If the sequence number of the message is higher than the expected sequence number, the message is queued -- it is not yet passed up to the application. The reason is that one or more earlier messages from the same sender have yet to arrive.
Once the expected message has arrived, the queue is check. This queue is probably maintained as a priority queue sorted by sequence number. Messages are dequeued and passed up to the application until the queue is empty, or the next message in the queue is not the "expected message".
Below is an example of this protocol at work:

Casual Ordering Multicast Protocol

We ensure that messages are delivered without causality violations as we did before -- by buffering messages that arrive too early. We determine if a message has arrived too early using a vector timestamp similiar to the one we used to detect causality violations.
The key observation is that with a multicast protocol, all hosts within the group should (eventually) see the same messages. As a consequence, each host should see the same number of messages from each other host.
So, our vector contains one entry for each host. This entry counts the total number of messages received from the corresponding host. The entry for a host that corresponds to itself is used to count the messages it has sent.
Each host sends a copy of its vector with each message and compare the sender's vector with its own on receive:

If any entry in the sender's vector, that was sent as a "timestamp" with the multicast message is greater than the corresponding entry in the receiver's local copy fo the vector, the receiver buffers the message. This is because the sender has received a message, whcih is potentially causally related to the message it subsequently sent, that the reciever has not yet received. If the incoming message were passed up to the application, a causality violation might result.
If the sender's entry in the message's timestamp is more than one greater than the sender's entry in the local time vector, the message is also buffered. This ensures that the protocol ensures FIFO ordering.
If the sender's entry in the messages timestamp is less than the sender's entry in the local timestamp, the message is rejected -- it is a duplicate.
If none of the above are true, the message is accepted. Accepting a message offers the opportunity to dequeue previously enqueued messages, if they can now be accepted.
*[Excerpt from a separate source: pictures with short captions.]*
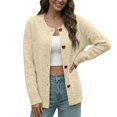 thumbnail image 2 of Lixiuxyad Womens Cardigans ’s Heart Button Loose Round Neck Knit Cardigan – Soft Blend Jacket,Beige, 2 of 6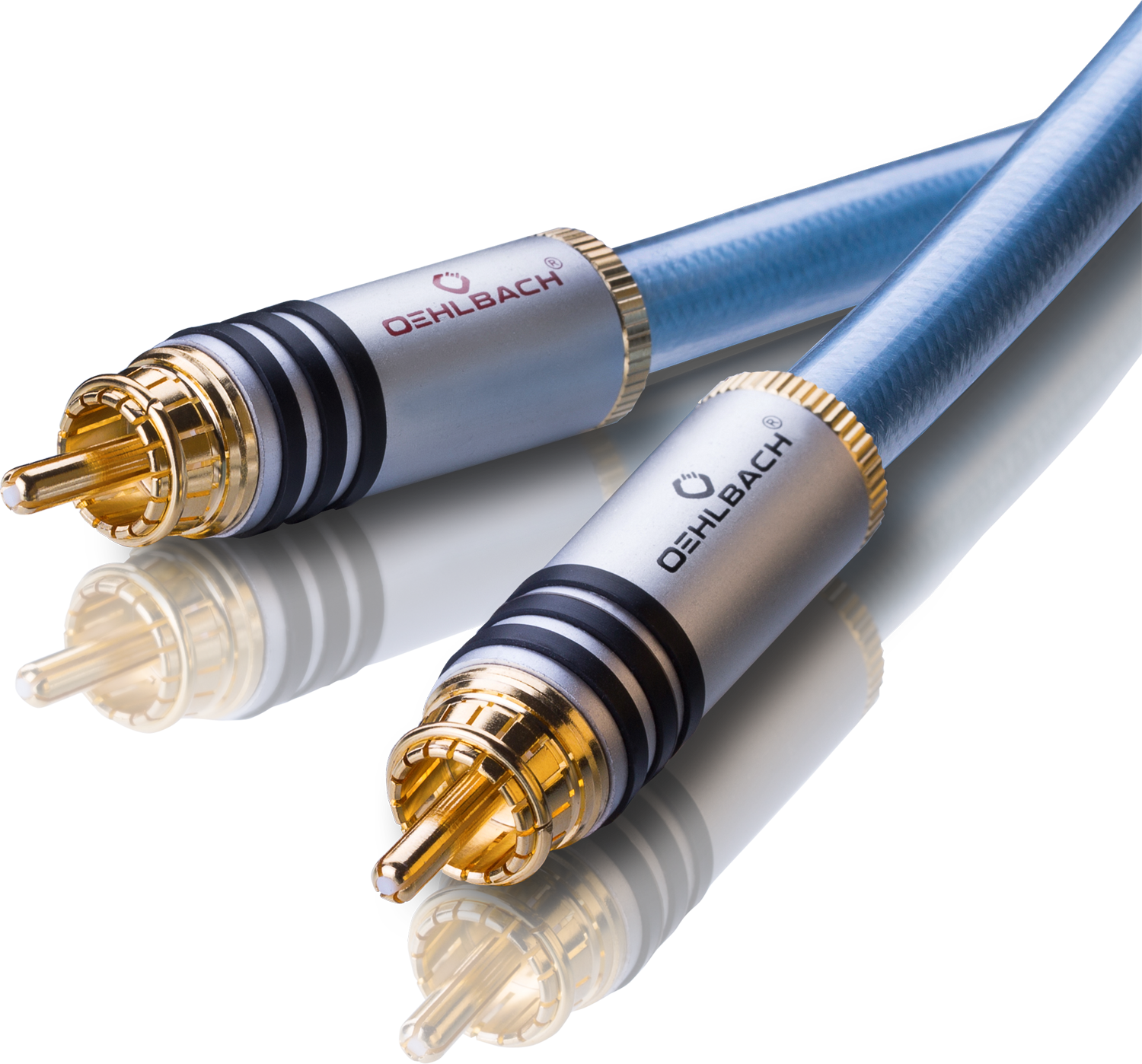 Zwei Audiokabel mit goldfarbenen Steckern. Sie haben einen blauen, geflochtenen Mantel.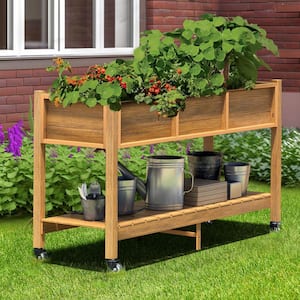 46 in. x 17 in. x 31 in. HIPS Plastic Raised Garden Bed with Shelf and Lockable Wheels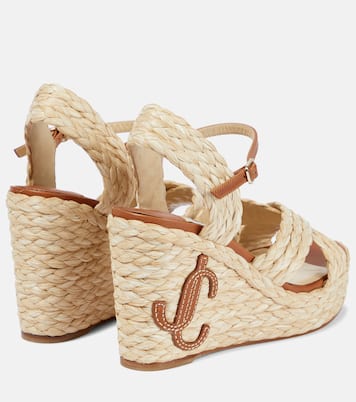 Dellena 100 raffia wedge sandals | Jimmy Choo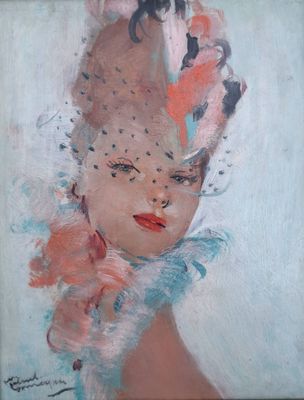 une peinture à l'huile représentant une femme portant un chapeau orné de fleurs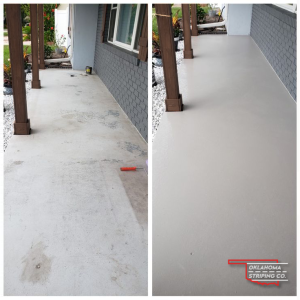 A before and after photo of a concrete porch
Below is an example of the causal ordered mutlicast protocol:

Total Order Multicast

Total ordering requires that all messages are seen by all hosts in the same order. This could be easily achieved if we had a global clock or counter that could place serial numbers on messages. Then multicasts would just be accepted in order of serial number, and buffering could be used to handle missing messages. Some sytems emulate this approach using a central sequence number server.
For now, we'll consider a distributed approach that can function in light of differing local times (serial numbers), called the two-phase multicast. In this approach, local times are used. The local time is incremented any time an operation is performed. Any time a system discovers that another system has a greater time, it resets its own time to the greater time.
Here's how it works:

The local time is incremented. The message is sent containing the local time.
The receiver buffers the message. It then sets its local time to the time of the sender, if the sender's time is higher. increments its local time, and sends an ACK that contains the local time.
The receiver waits until it has received all of the replies. It then determines the highest local time among the ACKS, and resets its clock, if necessary. It increments its clock and sends a message to all of the original recipients containing the "commit time." This is the time at which the recipient considers the message to have been received.
Applications on the recipient host can see the message only after all messages received between the "acknowledgement" and "committment" of the message have been committed. This ensures that they won't receive earlier committment times.